Exercise instructions: Transcribe all of the records, leaving out any pictures.
The input section start
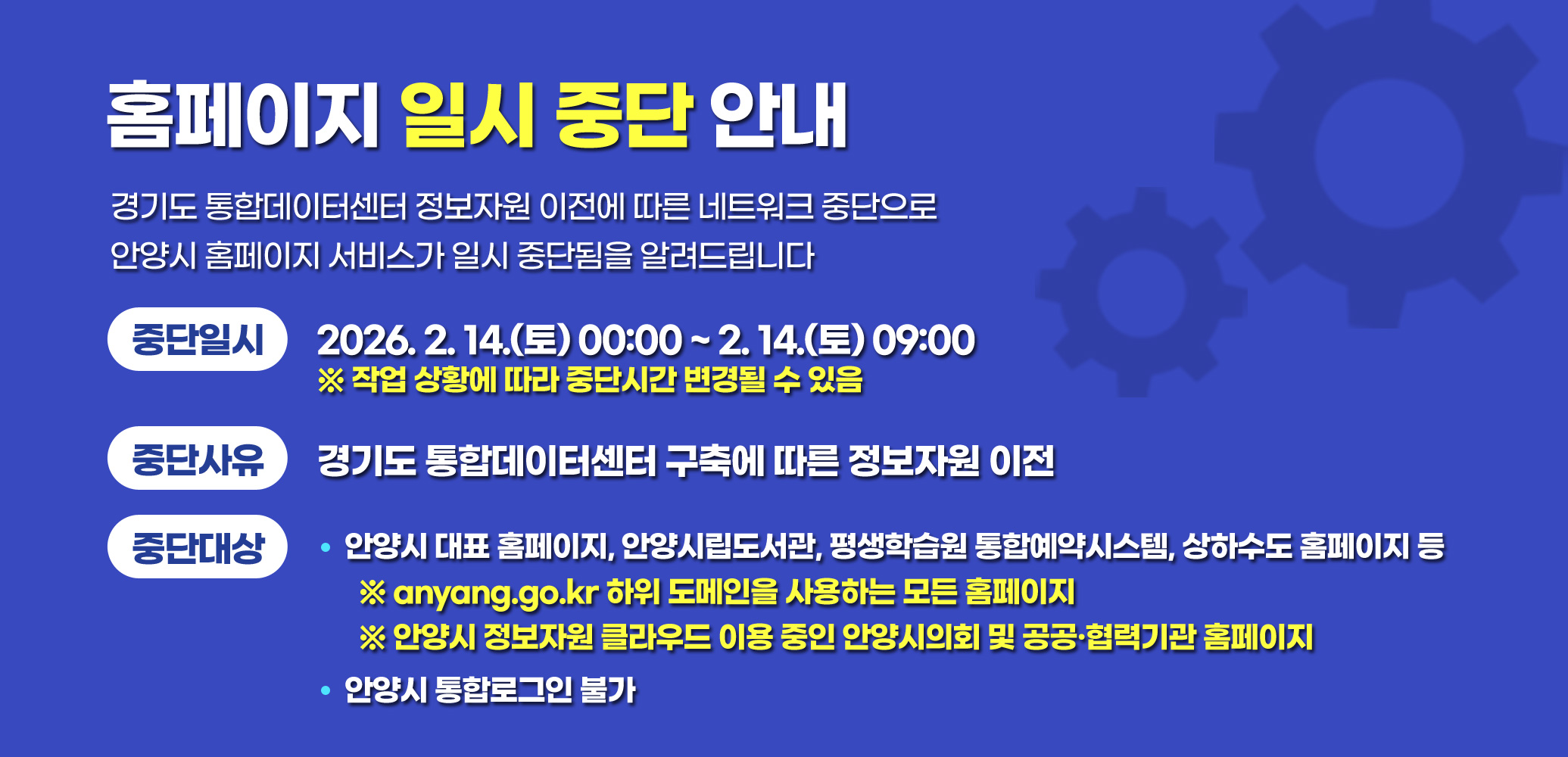 경기도 통합데이터센터 정보자원 이전에 따른 네트워크 중단으로
안양시 홈페이지 서비스가 일시 중단됨을 알려드립니다

중단일시: 2026. 2. 14.(토) 00:00 ~ 2. 14.(토) 09:00
※ 작업 상황에 따라 중단시간 변경될 수 있음

중단사유: 경기도 통합데이터센터 구축에 따른 정보자원 이전

중단대상
-안양시 대표 홈페이지, 안양시립도서관, 평생학습원 통합예약시스템, 상하수도 홈페이지 등
※ anyang.go.kr 하위 도메인을 사용하는 모든 홈페이지
※ 안양시 정보자원 클라우드 이용 중인 안양시의회 및 공공？협력기관 홈페이지

-안양시 통합로그인 불가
The input section end
Response area:
 경기도 통합데이터센터 정보자원 이전에 따른 네트워크 중단으로
안양시 홈페이지 서비스가 일시 중단됨을 알려드립니다

중단일시: 2026. 2. 14.(토) 00:00 ~ 2. 14.(토) 09:00
※ 작업 상황에 따라 중단시간 변경될 수 있음

중단사유: 경기도 통합데이터센터 구축에 따른 정보자원 이전

중단대상
-안양시 대표 홈페이지, 안양시립도서관, 평생학습원 통합예약시스템, 상하수도 홈페이지 등
※ anyang.go.kr 하위 도메인을 사용하는 모든 홈페이지
※ 안양시 정보자원 클라우드 이용 중인 안양시의회 및 공공？협력기관 홈페이지

-안양시 통합로그인 불가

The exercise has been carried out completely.